Complying with California’s New Pay Transparency Law Is Challenging

California’s new pay transparency law (SB 1162) took effect on January 1, 2023.  It expands the requirement for pay range disclosure and pay data reporting.

Some of the main provisions of the pay range disclosure include:

  • California employers with 15 or more employees must include a position’s salary or hourly wage range in any internal or external job posting
  • Employers must provide the employees’ position’s salary or hourly wage range to those who request it
  • Employers must also provide the position’s salary or hourly wage range upon request to external applicants seeking employment
  • Provides for a civil penalty of up to $10,000 per violation of its pay scale (wage range) disclosure and job posting requirements

Last year California passed a law that requires reporting numerical counts of employees by race, ethnicity and sex within each job category’s pay band, on an annual basis.  The reports were similar to the defunct EEO-1 Component 2 form. SB1162 expands this, requiring employers to report the median and mean hourly rate, broken down by race, ethnicity, and sex, for each job category.

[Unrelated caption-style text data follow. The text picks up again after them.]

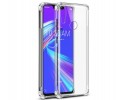 Funda Gel Tpu Anti-Shock Transparente para Asus Zenfone Max (M2)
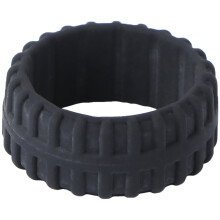 Bagues de sport Yuanmiaoke, alliances, bagues en silicone respirantes, bijoux de doigt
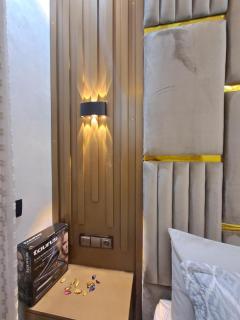 Appartement meublé à Jebha 10 - 2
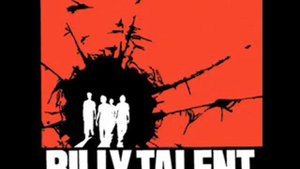 billy talent  - fallen leaves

The annual reporting requirement applies to employers with 100 or more U.S. employees with at least one employee in California.  In addition, employers who have retained at least 100 individuals through labor contractors the prior calendar year must similarly report data on the contractors.

The state of California created a template for last year’s reporting requirement.  As of January 1, 2023, they have not published a revised template for 2023.  Nonetheless, the 2023 reports are due on or before the second Wednesday of May 2023 (and on or before the second Wednesday of May of each year thereafter).

The usefulness of data on median and mean hourly rates will be limited. The mean (averages) does not account for differences in experience, education and performance.  Also, jobs having diverse skill requirements and market value are lumped into the same category.  For example, junior accountants are in the same category as senior engineers. Facilities managers are in the same category as engineering managers.